• Problem to work on: In the copy, every line of the material that follows must appear exactly, and no pictures should.

[Start of section]

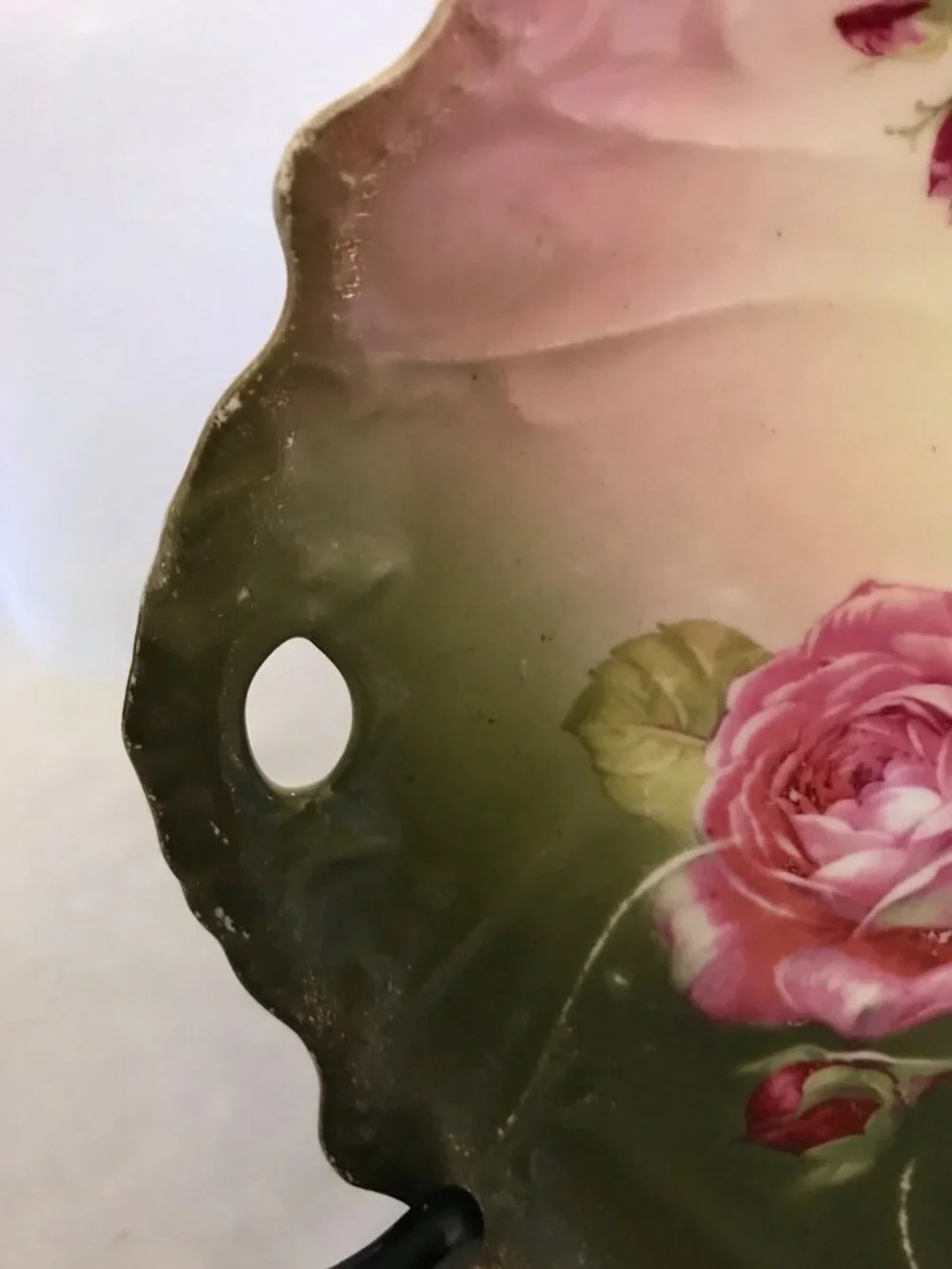 Antique Cake Serving Platter - Rose Pattern - Unmarked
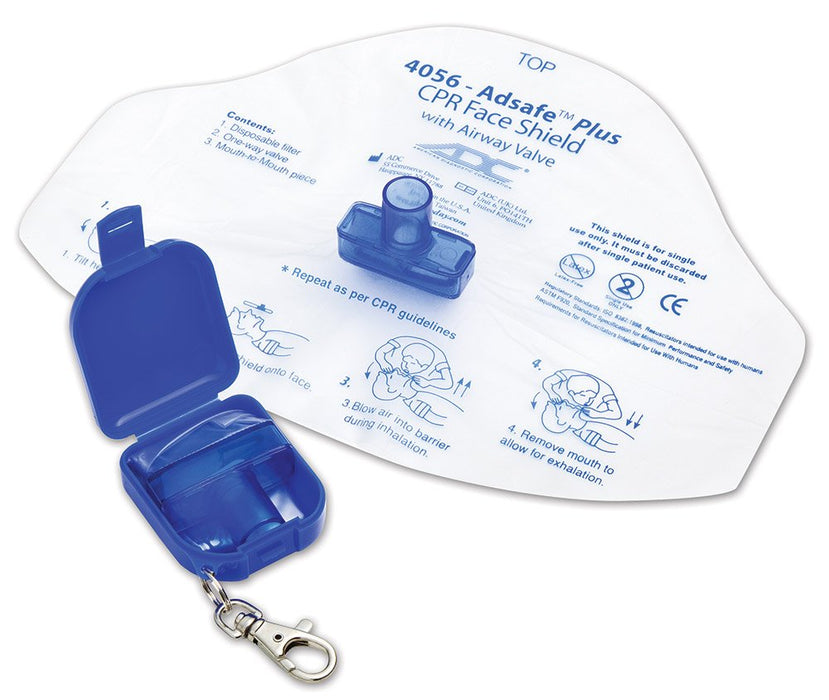 ADSAFE Face Shield Plus Adult, w/keychain, Royal Blue - ADC 4056RB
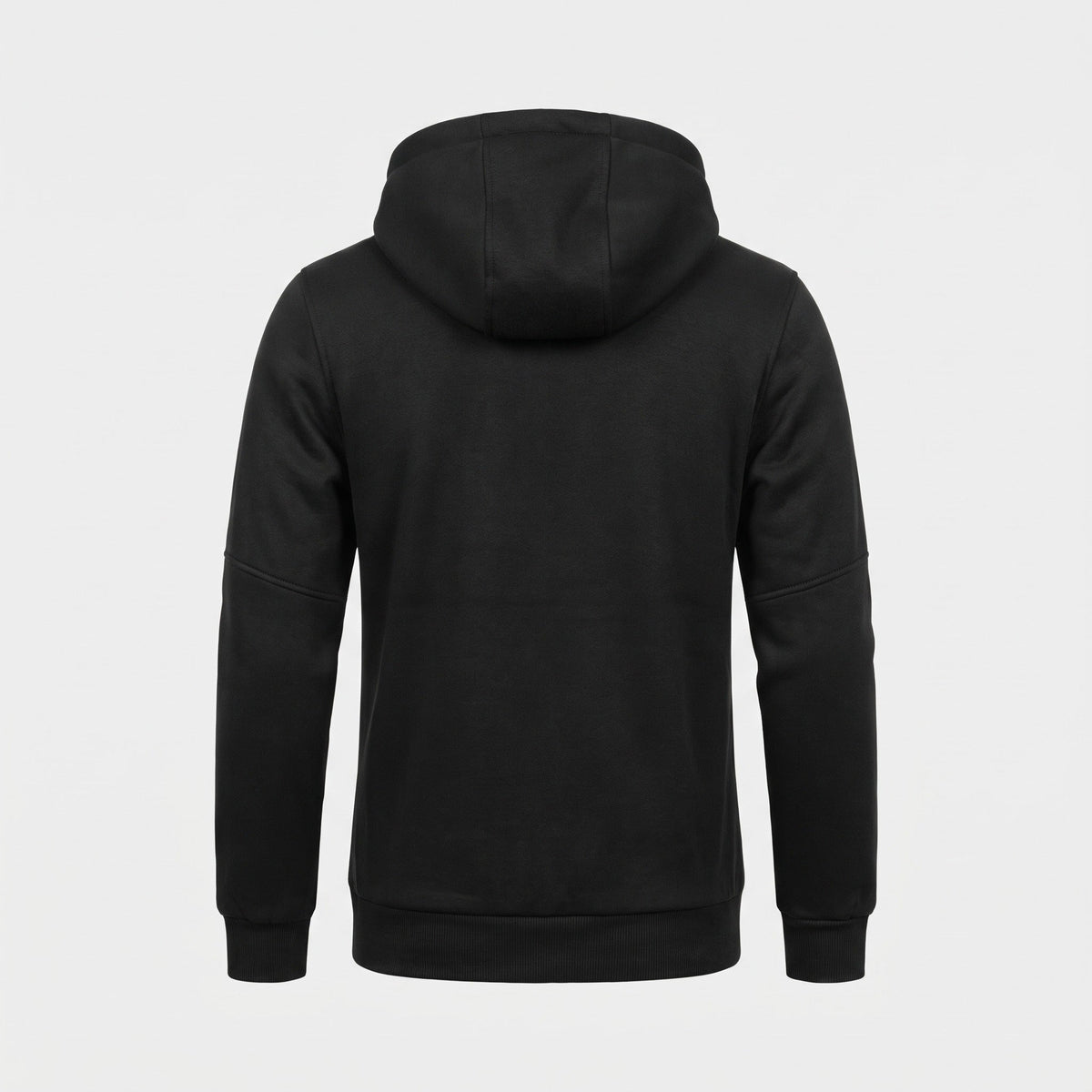 Black zip hoodie with attached hood, shown worn, back view | Chaps London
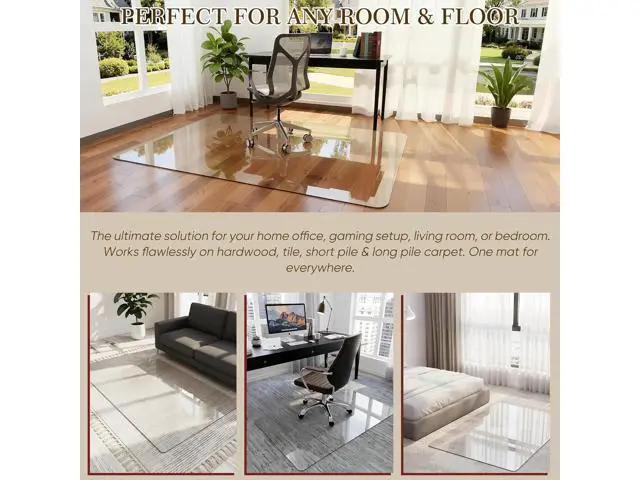 Alt view image 7 of 7 - 36"x48" Tempered Glass Office Chair Mat for Carpet & Hardwood Floor, 1/6" Thick Clear Floor Protector Desk Chair Mat with Rounded and Polished Edges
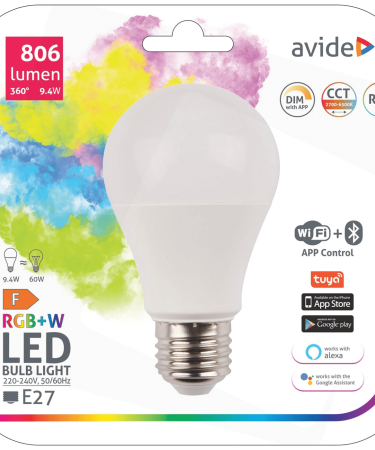 Avide Pametna sijalica, LED 9.4W, E27, RGB+W, WiFi, Bluetooth - Smart LED Globe A60 9.4W WiFi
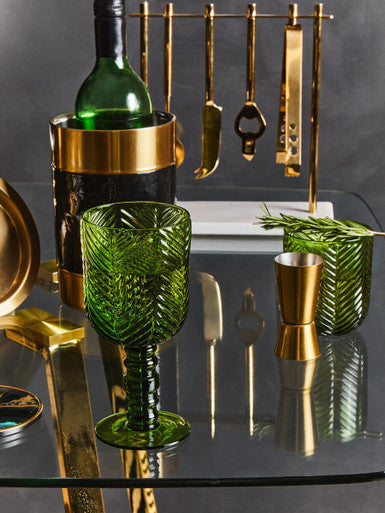 Set of Four Green Wine Glasses | Fleur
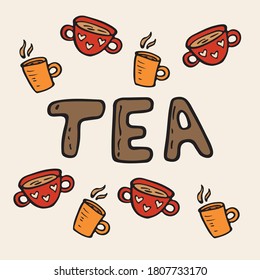 Vector flat illustration tea time with cups of tea and coffee. Doodle objects are cut out.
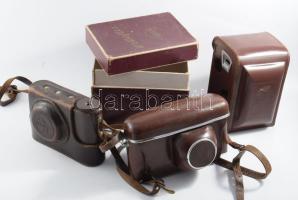 3 darab fényképezőgép tok, egyik díszdobozával.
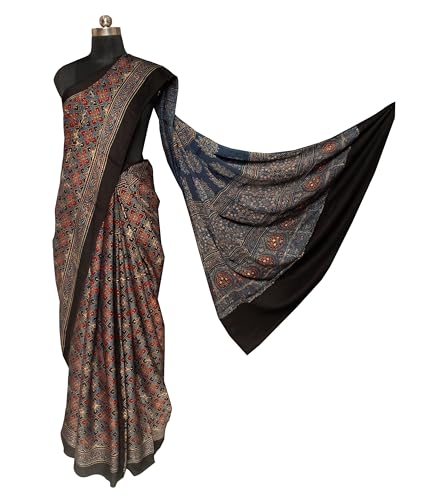 Image of Ethnics of Kutch Womenss Ajrakh Modal Silk Natural Dye Hand Block Print Saree with Blouse Piece - 5.5 Mtr Length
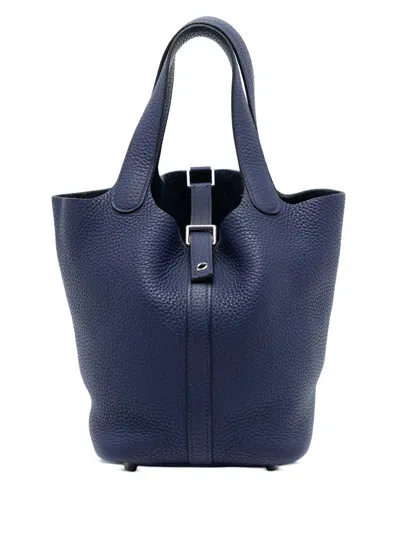 Pre-owned Hermes 2019 Clemence Picotin Lock 18 Handbag In Blue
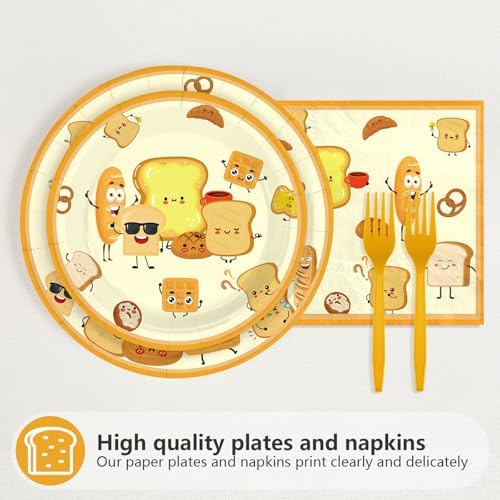 Grencian 96Pcs Toast Bread Birthday Food Theme Party Decoration, Serve 24 - Image 2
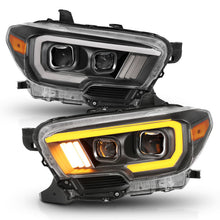 Cargar imagen en el visor de la galería, ANZO 2016-2017 Toyota Tacoma Projector Headlights w/ Plank Style Switchback Black w/ Amber w/ DRL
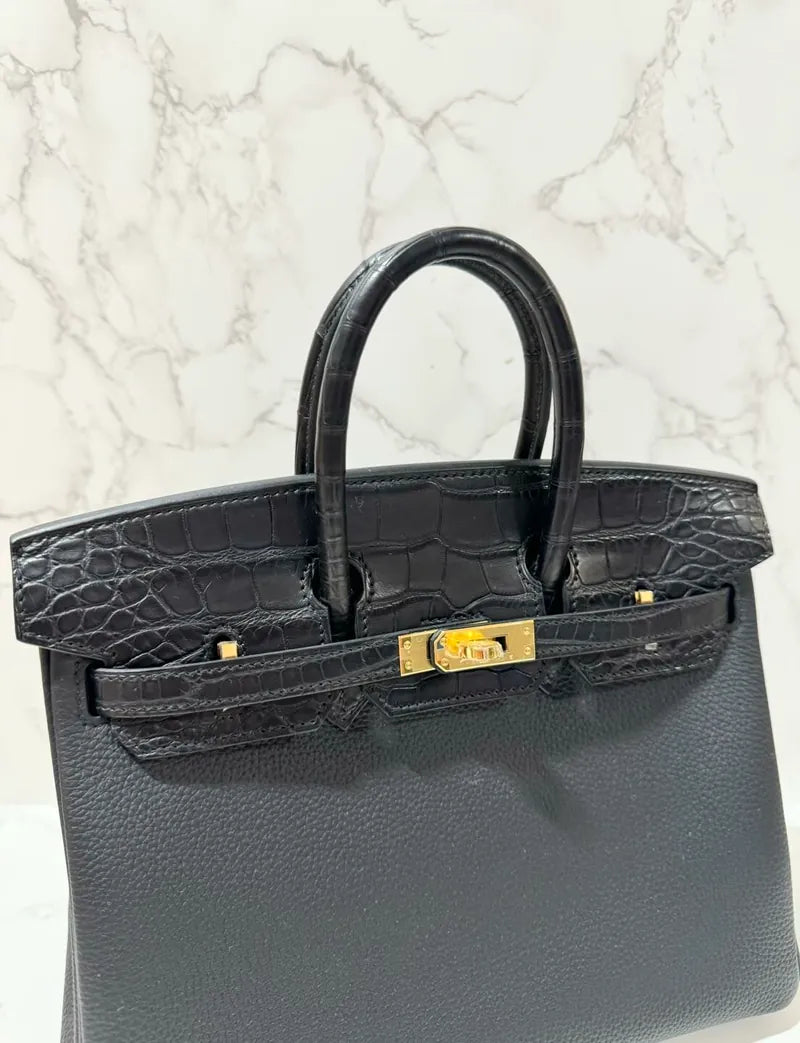 Hermes Birkin 25 Touch Noir GHW 鱷魚皮 Missi 墊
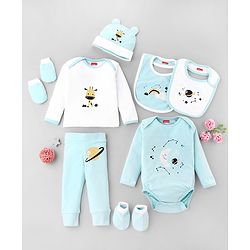 Babyhug Premium 100 % Cotton New Born Clothing Gift Set Sea Breeze Theme Blue - Pack of 8| Full Sleeve Set| Onesie| Cap Bibs Mitten & Booties| Essential Clothing for 0 to 6 months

[End of section]

• Answer to this problem:
 Antique Cake Serving Platter - Rose Pattern - Unmarked
 ADSAFE Face Shield Plus Adult, w/keychain, Royal Blue - ADC 4056RB
 Black zip hoodie with attached hood, shown worn, back view | Chaps London
 Alt view image 7 of 7 - 36"x48" Tempered Glass Office Chair Mat for Carpet & Hardwood Floor, 1/6" Thick Clear Floor Protector Desk Chair Mat with Rounded and Polished Edges
 Avide Pametna sijalica, LED 9.4W, E27, RGB+W, WiFi, Bluetooth - Smart LED Globe A60 9.4W WiFi
 Set of Four Green Wine Glasses | Fleur
 Vector flat illustration tea time with cups of tea and coffee. Doodle objects are cut out.
 3 darab fényképezőgép tok, egyik díszdobozával.
 Image of Ethnics of Kutch Womenss Ajrakh Modal Silk Natural Dye Hand Block Print Saree with Blouse Piece - 5.5 Mtr Length
 Pre-owned Hermes 2019 Clemence Picotin Lock 18 Handbag In Blue
 Grencian 96Pcs Toast Bread Birthday Food Theme Party Decoration, Serve 24 - Image 2
 Cargar imagen en el visor de la galería, ANZO 2016-2017 Toyota Tacoma Projector Headlights w/ Plank Style Switchback Black w/ Amber w/ DRL
 Hermes Birkin 25 Touch Noir GHW 鱷魚皮 Missi 墊
 Babyhug Premium 100 % Cotton New Born Clothing Gift Set Sea Breeze Theme Blue - Pack of 8| Full Sleeve Set| Onesie| Cap Bibs Mitten & Booties| Essential Clothing for 0 to 6 months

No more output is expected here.